**Problem to solve**
Give back exactly the lines of the material below that start at the line containing "- Cần bán gấp" and end at the line containing "Statue de Naga dans un Temple de Chiang Mai", and no others.

--- Records for the exercise Enclosed Below ---

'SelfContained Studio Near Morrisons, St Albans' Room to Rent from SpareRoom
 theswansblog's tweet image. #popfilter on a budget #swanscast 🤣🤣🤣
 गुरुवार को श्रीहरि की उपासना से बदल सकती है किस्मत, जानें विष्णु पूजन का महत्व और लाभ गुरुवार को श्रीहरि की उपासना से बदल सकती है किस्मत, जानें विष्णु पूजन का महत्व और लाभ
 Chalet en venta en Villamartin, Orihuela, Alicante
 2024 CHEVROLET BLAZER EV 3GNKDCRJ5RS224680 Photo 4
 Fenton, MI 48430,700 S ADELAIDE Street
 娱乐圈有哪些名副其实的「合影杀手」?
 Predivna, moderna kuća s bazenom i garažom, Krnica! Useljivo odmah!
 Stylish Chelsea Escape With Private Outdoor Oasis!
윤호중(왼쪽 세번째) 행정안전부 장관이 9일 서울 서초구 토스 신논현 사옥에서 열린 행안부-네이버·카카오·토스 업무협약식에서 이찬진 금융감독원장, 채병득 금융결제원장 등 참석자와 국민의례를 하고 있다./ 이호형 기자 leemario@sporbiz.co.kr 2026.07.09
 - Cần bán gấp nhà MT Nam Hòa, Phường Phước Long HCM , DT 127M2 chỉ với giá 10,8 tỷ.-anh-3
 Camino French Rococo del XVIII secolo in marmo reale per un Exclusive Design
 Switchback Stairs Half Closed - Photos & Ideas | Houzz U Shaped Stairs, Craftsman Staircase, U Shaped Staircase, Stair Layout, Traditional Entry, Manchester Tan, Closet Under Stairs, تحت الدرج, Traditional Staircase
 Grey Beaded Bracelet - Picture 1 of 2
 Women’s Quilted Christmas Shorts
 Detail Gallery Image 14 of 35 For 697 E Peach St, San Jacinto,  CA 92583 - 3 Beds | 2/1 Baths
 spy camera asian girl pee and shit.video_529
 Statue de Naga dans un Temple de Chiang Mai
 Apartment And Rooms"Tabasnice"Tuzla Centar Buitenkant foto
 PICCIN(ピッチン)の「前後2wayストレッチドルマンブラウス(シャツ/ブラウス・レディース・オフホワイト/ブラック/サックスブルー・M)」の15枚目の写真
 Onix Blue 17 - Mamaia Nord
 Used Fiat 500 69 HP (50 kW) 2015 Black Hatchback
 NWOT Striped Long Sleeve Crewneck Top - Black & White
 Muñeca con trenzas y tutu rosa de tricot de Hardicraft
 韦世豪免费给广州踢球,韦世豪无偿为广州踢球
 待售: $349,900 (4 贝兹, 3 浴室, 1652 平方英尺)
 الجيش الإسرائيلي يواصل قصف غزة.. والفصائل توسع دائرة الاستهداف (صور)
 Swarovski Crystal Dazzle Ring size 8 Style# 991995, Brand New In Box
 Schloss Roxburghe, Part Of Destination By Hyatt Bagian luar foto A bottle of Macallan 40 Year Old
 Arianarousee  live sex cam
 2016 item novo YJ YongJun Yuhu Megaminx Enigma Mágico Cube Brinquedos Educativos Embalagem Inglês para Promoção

--- End of Enclosed Records for the exercise ---

**The answer**
 - Cần bán gấp nhà MT Nam Hòa, Phường Phước Long HCM , DT 127M2 chỉ với giá 10,8 tỷ.-anh-3
 Camino French Rococo del XVIII secolo in marmo reale per un Exclusive Design
 Switchback Stairs Half Closed - Photos & Ideas | Houzz U Shaped Stairs, Craftsman Staircase, U Shaped Staircase, Stair Layout, Traditional Entry, Manchester Tan, Closet Under Stairs, تحت الدرج, Traditional Staircase
 Grey Beaded Bracelet - Picture 1 of 2
 Women’s Quilted Christmas Shorts
 Detail Gallery Image 14 of 35 For 697 E Peach St, San Jacinto,  CA 92583 - 3 Beds | 2/1 Baths
 spy camera asian girl pee and shit.video_529
 Statue de Naga dans un Temple de Chiang Mai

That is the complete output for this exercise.